Äußerlich ist der Tuner den übrigen Bausteinen
der neuen Revox-Serie (Verstärker A 50 und Tonbandgerät
A 77) angepaßt. Auf der Frontplatte (siehe Bild) erkennt
man rechts außen den griffigen, stark untersetzten Drehknopf
zur Senderabstimmung. Obwohl die Skala recht kurz ist, bietet
die Sendereinstellung keinerlei Schwierigkeiten. Links neben
der Skala folgen zwei Anzeigeinstrumente für Abstimm-Mitte
und Signalstärke. Dieses zweite Instrument gibt natürlich
nur relative Werte der Signalstärke an; es ist insofern
gut dimensioniert, als sich der Anzeigebereich von wenigen µV
bis etwa 10 mV erstreckt. Die über den beiden Anzeigeinstrumenten
angeordneten fünf leichtgängigen Drucktasten haben,
von links nach rechts, folgende Funktionen: 1. Ein-Aus-Schalter,
2. "Stereo-Automatic": Bei Vorhandensein des Pilottons
wird bei gedrückter Taste automatisch auf Stereo umgeschaltet;
bei gelöster Taste wird die Stereo-Sendung monophon empfangen,
3. "Trigger level var. ": Wird diese Taste gedrückt,
läßt sich, bei gedrückter Taste 4 ("Muting
on"), zusammen mit einem kleinen Drehknopf (über dem
Senderdrehknopf) die Stummabstimmung in sehr weiten Grenzen
variieren. Die Taste 5 schließlich ist mit "Multipath-lndicator"

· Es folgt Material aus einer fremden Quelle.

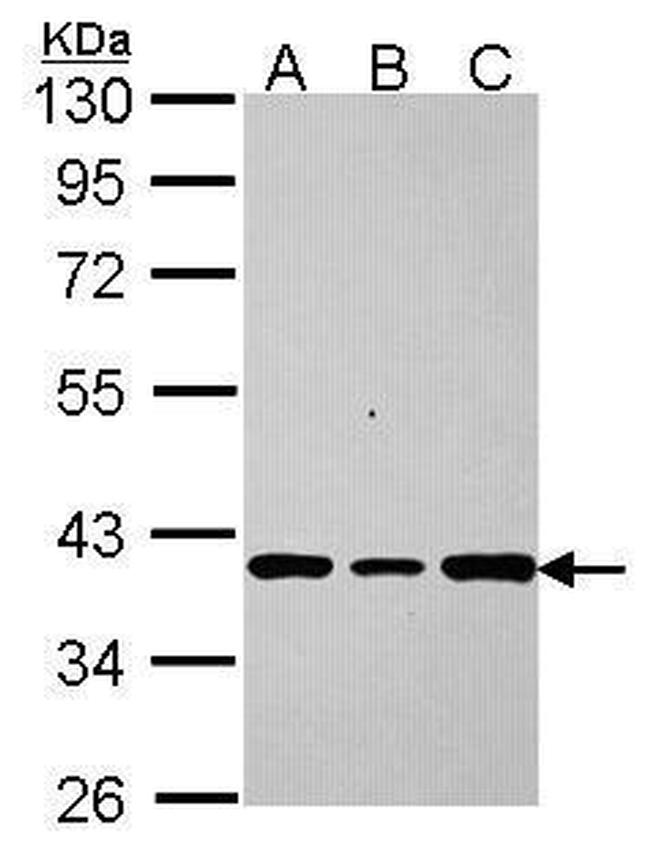 AKR7A2 Antibody in Western Blot (WB)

bezeichnet: Wird diese Taste gedrückt, so geschieht bei
reflexionsfreiem Empfang nichts; liegt aber infolge von Reflexionen
des einfallenden Signals an einem oder an mehreren Hindernissen
hinter der Empfangsantenne sogenannter "Mehrwegempfang"
vor, so wird durch die entstehenden Frequenzhubspitzen ein monostabiler
Multivibrator ausgelöst, der seinerseits eine rote Glühlampe
zum Flackern oder dauernden Leuchten bringt. Mehrwegempfang
führt bekanntlich zu einem mehr oder weniger verzerrten,
"heiseren" oder "zischenden" Klangbild.
Da aber nicht immer entschieden werden kann, ob Verzerrungen
auf Mehrwegempfang beruhen oder andere Ursachen haben, ist diese
Warnvorrichtung des Revox-Tuners von sehr großem Nutzen.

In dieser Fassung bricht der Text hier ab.